Alan Simpson: "they put in peanuts!"

They Didn't Know Nothin' Bout Numbers

by digby

"It was never intended as a retirement program. It was set up in ‘37 and ‘38 to take care of people who were in distress -- ditch diggers, wage earners -- it was to give them 43 percent of the replacement rate of their wages. The [life expectancy] was 63. That’s why they set retirement age at 65” for Social Security, Alan Simpson

Uhm no. This life expectancy misinformation is so widespread, I don't know if we'll ever be able to set it stright. But I might have expected that one of President Obama's Deficit commission appointees -- the co-chairman no less -- would not be among those who believe it. (Normally I would suggest that he was just a liar, but from this account it's pretty clear to me that he really doesn't understand it.)

This is a very important point and one that everyone needs to understand if they hope to beat back the social security assault:

HuffPost suggested to Simpson during a telephone interview that his claim about life expectancy was misleading because his data include people who died in childhood of diseases that are now largely preventable. Incorporating such early deaths skews the average life expectancy number downward, making it appear as if people live dramatically longer today than they did half a century ago. According to the Social Security Administration's actuaries, women who lived to 65 in 1940 had a life expectancy of 79.7 years and men were expected to live 77.7 years.

"If that is the case -- and I don’t think it is -- then that means they put in peanuts," said Simpson.

Simpson speculated that the data presented to him by HuffPost had been furnished by "the Catfood Commission people" -- a reference to progressive critics of the deficit commission who gave president's panel that label.

Told that the data came directly from the Social Security Administration, Simpson continued to insist it was inaccurate, while misstating the nature of a statistical average: "If you’re telling me that a guy who got to be 65 in 1940 -- that all of them lived to be 77 -- that is just not correct.
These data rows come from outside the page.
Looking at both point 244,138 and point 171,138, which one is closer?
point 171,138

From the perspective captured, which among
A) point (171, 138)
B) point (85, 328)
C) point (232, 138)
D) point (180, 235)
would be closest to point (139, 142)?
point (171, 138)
Just because a guy gets to be 65, he’s gonna live to be 77? Hell, that’s my genre. That’s not true," said Simpson, who will turn 80 in September.

This is the frustration with this argument. People just can't seem to wrap their minds around this.

Understanding life expectancy rates at age 65 in 1940 is central to understanding Social Security itself. If the very nature of the population has changed dramatically since the program's creation, it stands to reason that the program itself requires dramatic changes: Means testing, creating private accounts and further upping the retirement age for the program have all been proposed by its opponents.

But if the population is largely similar today, then only modest changes would be needed to maintain Social Security. Critics of the program therefore have an incentive to dramatize life-expectancy stats.

But those dramatic claims aren't buttressed by the data: A man who turned 65 in 2010 has a life expectancy of 83.1 -- barely five years more than he had in 1940. Women have increased their life expectancy at roughly the same rate. Since 1940, the retirement age for drawing Social Security benefits has been lifted from 65 to 67, meaning that people are receiving a net of only three extra years of benefits than they were 70 years ago.

The second prong of the Social Security critique relies on the coming wave of Baby Boomer retirements. This flood of retirees will tip the ratio of workers to pensioners out of whack, the argument goes.

"The statistics right now show a totally unsustainable program that cannot possibly function when 10,000 a day are coming into the Social Security system at 65," Simpson explained to HuffPost. "Was that ever planned [for]? That 10,000 a day would suddenly coming into the system?"

In fact, it was planned for: The Social Security Administration tracks births every year and knew by 1947 that 1946 had been a boom year. When the system was reformed in 1983 by the Greenspan Commission, the Baby Boom was specifically taken into account.

"The fundamental ratio of beneficiaries to workers was fully taken into account in the 1983 financing provisions and, as a matter of fact, was known and taken into account well before that," Social Security's actuaries noted in 1994.

The explanation for the shortfall -- the program will only be able to pay roughly four-fifths of scheduled benefits after 2037 -- is much simpler: Social Security's actuaries didn't see the wild swing in income inequality that came about since 1983. Income has been largely flat for the middle class while rising for the wealthy. Social Security taxes apply only to the first $106,000, so increases for the rich don't contribute to the trust fund. And compensation increases that come in the form of more expensive health care benefits are also not subject to Social Security taxes.

Simpson surely knows about the Greenspan Commission. He's just lying about that (or he's senile.) But what's Erskine Bowles' excuse? Or Dick Durbin or Saxby Chambliss or all the other politicians who parrot this misinformation all the time? Are they all senile too?

The people who designed the system understood very well that if "life expectancy" went up it would mean that there were also more younger workers who hadn't died in childbirth paying into the system. And they understood the concept of productivity gains and knew that more people would be brought into the system --- paying as well as receiving benefits --- over time. They weren't cave men. It was only 70 years ago. Simpson was a teen-ager at the time. What they may not have anticipated was just how badly the political system would be distorted by corporate propaganda that made people believe that black is white and up is down. It's the real problem and solving social security's minor shortfall in 2038 is a piece of cake compared to solving that one.